I have lived with anxiety and depression my entire life and this painting is a homage to my struggles. Social media gave me an outlet to start talking about my problems, but no one really wanted to listen. So I gave in to my peers’ likes, shares, and follows and began to show only the good sides of myself. The smiles brought likes and those likes made me feel better for just a moment. It is like a drug. When you reach a certain amount of likes, you feel some relief and you chase the little attention you can get from social media like it’s a drug, but it doesn’t fix you.

Social media can feed a person’s mental illness by making them feel even more isolated and alone despite the seemingly connectedness that the internet is praised for. Once someone starts using social media as a crutch it is hard to let go of it. It can consume you.

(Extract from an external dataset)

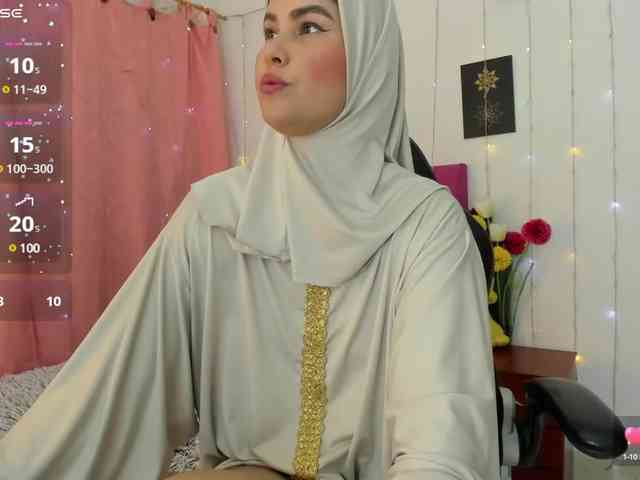AishaAmin webcam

With this piece, I focused on creating many thin under layers and playing with the textures throughout piece. The figure is an image of myself, but you could only tell if you knew that I had the same moles as the figure. The face is entirely obscured, with some normal skin coloring peeking through. This is a representation of how I hide my true self, the one that is consumed with the demons in my mind.

The text behind the figure is from the song, “Broken Hearts Club” by gnash. Some important lyrics that you can see say, “Where the lonely make the lonely feel less lonely,” which is exactly how I feel about social media. Lonely people meet other lonely people and begin to feel less lonely because at least they aren’t the only ones feeling that way.

This piece also comments on the sexualization of women, as the only part of me that you can really focus on is my breasts. It doesn’t matter if you cannot see my face, my boobs are enough to capture anyone’s attention, right? That is what social media teaches us, we are only as pretty and popular as the amount of sexy parts we show. Men too can fall into this habit, but it is more common with women, either way, it is detrimental to our mental health.

I had a lot of fun working on this piece and I enjoy hearing other people’s opinions of what they see and feel. When I showed it to friends, they seemed to get my theme spot on and even saw different demonic faces in the textures of the piece. It is amazing to see that my thought can be seen in this piece more clearly that any other work, I’ve done.